Jorge has already been deported once from the US. His crime, a very serious one according to US authorities, was to work at a car wash.
“There’s not slavery like there was before, but there’s more deaths now,” he said. “They make slaves out of undocumented people, and once the work is done, they kick them out of the country.”
He’s lived more than eight months in the shelter, helping construct a dormitory for unaccompanied children and preparing to make the dangerous journey north to be with his wife and three kids, who are still in the US. He stayed longer than he planned to at La 72 because he believes in what they’re doing and because he wants to help others like himself on their journey.
“Here they give people help, a roof to sleep under, food, security, and they treat people in a dignified way,” he said.
After a lack of work forced him to leave Honduras, a country where 60 percent of the population lives below the poverty line, Jorge came to the US seeking a decent life. His dream is to someday have a house for his family. While Americans fantasize about owning mansions with palm trees and 12-car garages, Jorge has something simpler in mind:
“I want a normal house, where a normal family can live. A house with two rooms, one where I can live with my wife and another room for the kids. One that has a kitchen and a space where we can relax. A safe place, where nobody can treat us badly.”
Safe places are hard to come by in the US for people like Jorge. When he lived in the country before, he was unable to live a normal life for fear of being caught by la migra (immigration cops) and deported.
“You can’t go to a nightclub. You can’t go to the park, because you’re scared they’ll catch you…You can’t listen to music because you’re scared the neighbors might call the police,” he told me. “I didn’t take my kids to the park. We would only go out on Sundays, to Burger King or the mall and then back to the apartment.”

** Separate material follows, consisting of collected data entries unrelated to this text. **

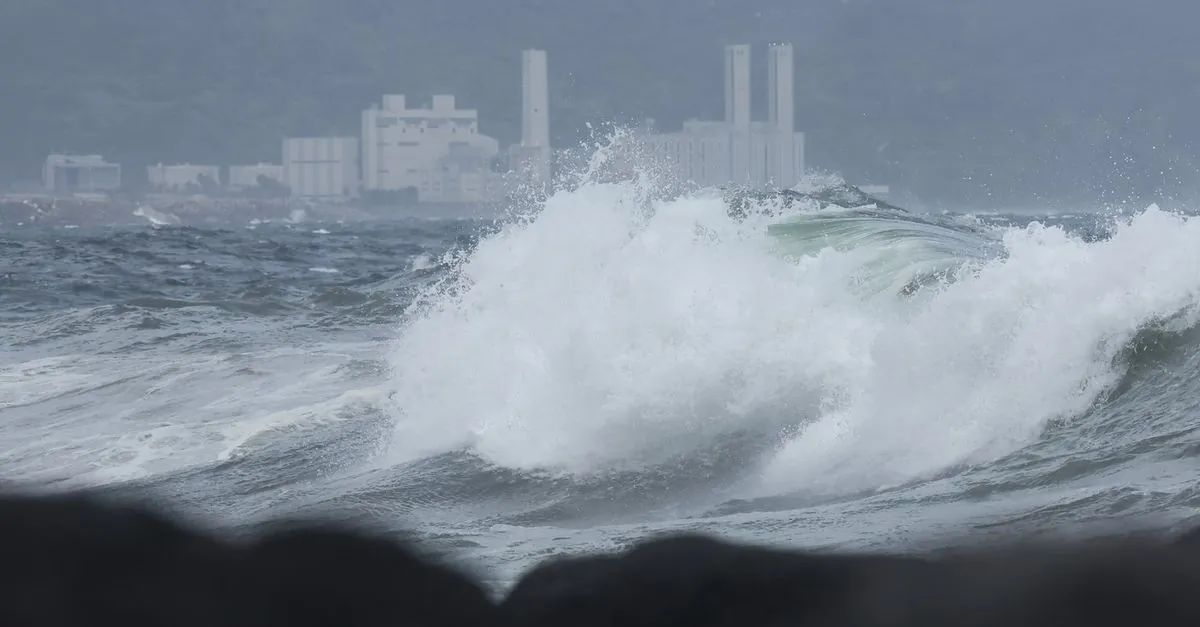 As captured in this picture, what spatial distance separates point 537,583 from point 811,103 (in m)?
135

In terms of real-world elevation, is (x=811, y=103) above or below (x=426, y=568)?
above

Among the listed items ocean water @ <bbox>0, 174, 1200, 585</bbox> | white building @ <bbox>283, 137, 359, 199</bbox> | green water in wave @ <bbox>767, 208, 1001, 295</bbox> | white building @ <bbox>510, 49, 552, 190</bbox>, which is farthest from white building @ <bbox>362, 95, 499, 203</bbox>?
ocean water @ <bbox>0, 174, 1200, 585</bbox>

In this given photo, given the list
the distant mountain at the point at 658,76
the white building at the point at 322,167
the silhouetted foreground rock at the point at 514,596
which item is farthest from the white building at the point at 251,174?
the silhouetted foreground rock at the point at 514,596

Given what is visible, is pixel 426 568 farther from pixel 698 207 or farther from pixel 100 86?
pixel 100 86

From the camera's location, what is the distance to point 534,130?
376 feet

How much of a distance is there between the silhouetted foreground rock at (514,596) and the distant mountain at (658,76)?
337 feet

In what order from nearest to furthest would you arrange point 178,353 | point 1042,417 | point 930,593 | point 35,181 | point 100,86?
1. point 930,593
2. point 1042,417
3. point 178,353
4. point 35,181
5. point 100,86

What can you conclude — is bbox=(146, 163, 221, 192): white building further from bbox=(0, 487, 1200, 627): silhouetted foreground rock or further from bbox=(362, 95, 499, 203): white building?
bbox=(0, 487, 1200, 627): silhouetted foreground rock

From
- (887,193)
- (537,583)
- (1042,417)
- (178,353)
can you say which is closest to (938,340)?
(1042,417)

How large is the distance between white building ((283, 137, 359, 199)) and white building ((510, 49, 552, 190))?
1355 cm

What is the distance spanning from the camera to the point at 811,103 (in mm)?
133750

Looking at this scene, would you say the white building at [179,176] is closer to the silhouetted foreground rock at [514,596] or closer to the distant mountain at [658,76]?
the distant mountain at [658,76]

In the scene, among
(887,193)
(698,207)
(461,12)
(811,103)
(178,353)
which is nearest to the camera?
(698,207)

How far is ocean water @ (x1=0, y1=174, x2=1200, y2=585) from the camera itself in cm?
691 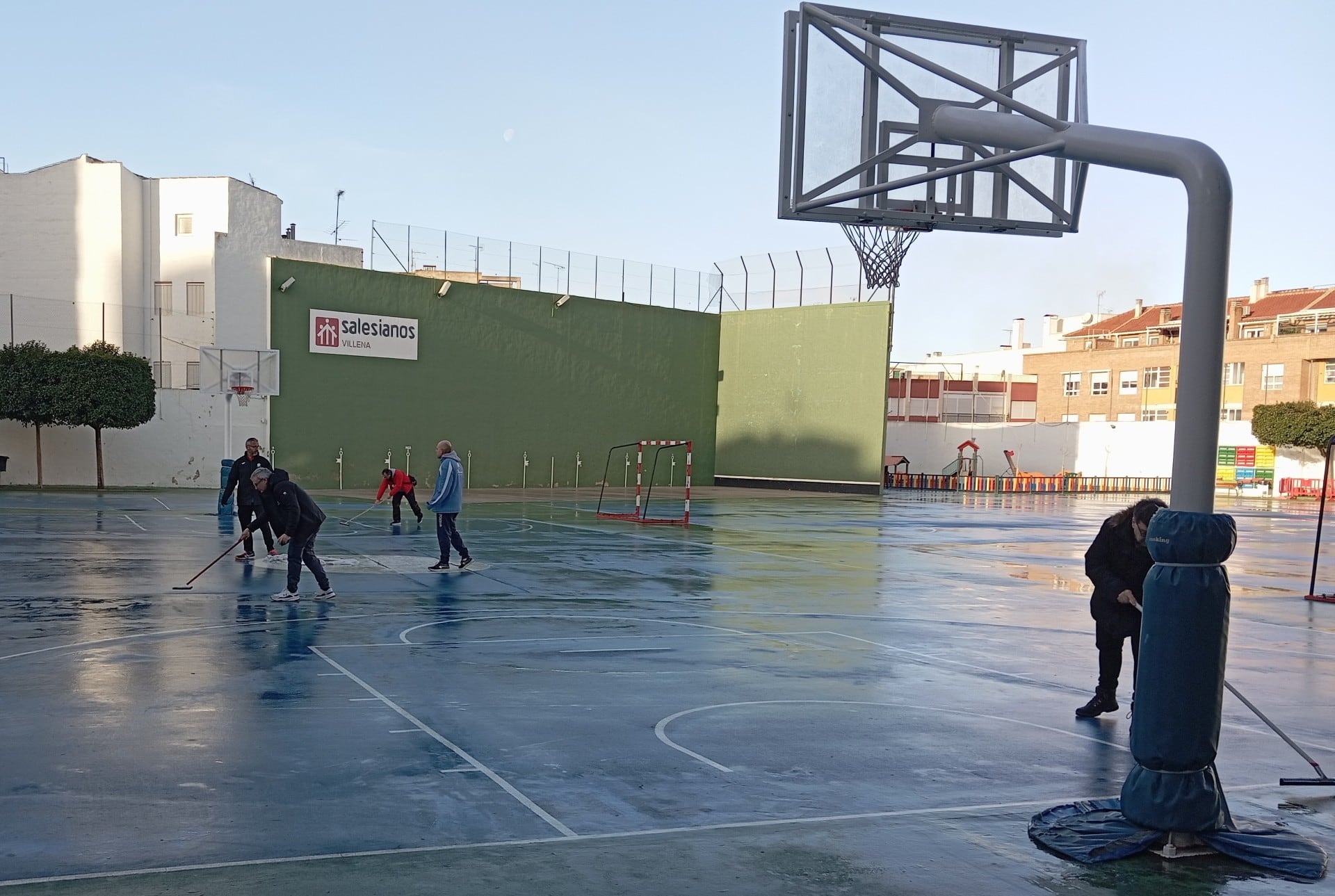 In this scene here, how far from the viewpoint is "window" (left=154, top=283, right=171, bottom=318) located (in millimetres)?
45812

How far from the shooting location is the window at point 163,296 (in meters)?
45.8

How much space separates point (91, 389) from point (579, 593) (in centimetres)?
2602

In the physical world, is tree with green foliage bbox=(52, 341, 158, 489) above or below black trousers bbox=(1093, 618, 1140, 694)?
above

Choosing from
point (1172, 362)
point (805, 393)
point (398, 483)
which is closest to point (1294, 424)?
point (1172, 362)

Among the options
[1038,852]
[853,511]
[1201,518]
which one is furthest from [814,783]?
[853,511]

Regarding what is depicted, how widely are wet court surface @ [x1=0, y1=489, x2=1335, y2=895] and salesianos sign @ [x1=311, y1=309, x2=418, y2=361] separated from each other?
76.6 feet

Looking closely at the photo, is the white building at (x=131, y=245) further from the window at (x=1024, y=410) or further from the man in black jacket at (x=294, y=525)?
the window at (x=1024, y=410)

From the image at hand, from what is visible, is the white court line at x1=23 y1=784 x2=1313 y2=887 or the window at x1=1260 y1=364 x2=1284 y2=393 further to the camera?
the window at x1=1260 y1=364 x2=1284 y2=393

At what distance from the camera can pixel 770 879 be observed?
529cm

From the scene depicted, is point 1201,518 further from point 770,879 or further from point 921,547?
point 921,547

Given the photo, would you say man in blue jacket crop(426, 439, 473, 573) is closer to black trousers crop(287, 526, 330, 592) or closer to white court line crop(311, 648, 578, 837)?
black trousers crop(287, 526, 330, 592)

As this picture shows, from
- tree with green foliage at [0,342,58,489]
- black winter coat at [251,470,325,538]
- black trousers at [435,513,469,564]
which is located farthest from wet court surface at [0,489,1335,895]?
tree with green foliage at [0,342,58,489]

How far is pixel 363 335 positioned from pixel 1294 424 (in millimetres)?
44894

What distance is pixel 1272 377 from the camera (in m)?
69.1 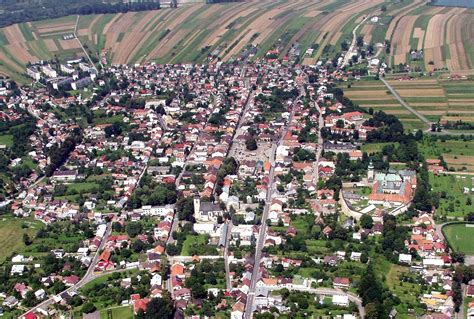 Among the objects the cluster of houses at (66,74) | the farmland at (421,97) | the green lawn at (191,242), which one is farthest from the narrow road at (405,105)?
the cluster of houses at (66,74)

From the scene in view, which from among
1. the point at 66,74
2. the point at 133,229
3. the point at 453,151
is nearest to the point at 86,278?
the point at 133,229

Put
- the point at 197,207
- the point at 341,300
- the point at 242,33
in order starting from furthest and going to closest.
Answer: the point at 242,33 → the point at 197,207 → the point at 341,300

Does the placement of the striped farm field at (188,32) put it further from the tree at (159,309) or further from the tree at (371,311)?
the tree at (159,309)

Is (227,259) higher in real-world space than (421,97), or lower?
higher

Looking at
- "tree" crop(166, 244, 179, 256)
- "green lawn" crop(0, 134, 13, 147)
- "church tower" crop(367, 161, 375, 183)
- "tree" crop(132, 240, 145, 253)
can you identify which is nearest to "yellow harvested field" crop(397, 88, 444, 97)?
"church tower" crop(367, 161, 375, 183)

Jorge’s favorite movie is Sin Nombre, a dramatization of migrants heading north, the same route that he took before and will take again. He also likes to read, favoring nonfiction tales of the hardships migrants face in the US. And, in a grave breach of Latin American custom and tradition, Jorge prefers basketball and baseball to soccer. The way Jorge sees it, there’s a deep injustice in the US’ treatment of its immigrant population.
“Most of the country’s income is coming from undocumented laborers. They work in construction. The majority are exploited at work. If they’re hurt, their insurance won’t pay. They just use us when they need us. Once the work is done, they turn us over to migration,” he said. “I think the treatment has to change…we have rights as human beings.”
The change has to come from above, Jorge believes, and immigrants searching for justice should turn to religion as the solution.
“To change the world, we can only ask God to touch the president’s heart so that he ends the corruption,” Jorge said.
Despite his former (and future) status as a criminal in the eyes of US immigration authorities, he lives by a strong ethical code supplemented by the Catholicism that guides him.
“First of all, you shouldn’t touch anything that’s not yours…Don’t mix yourself up in problems. And ask for guidance from God.”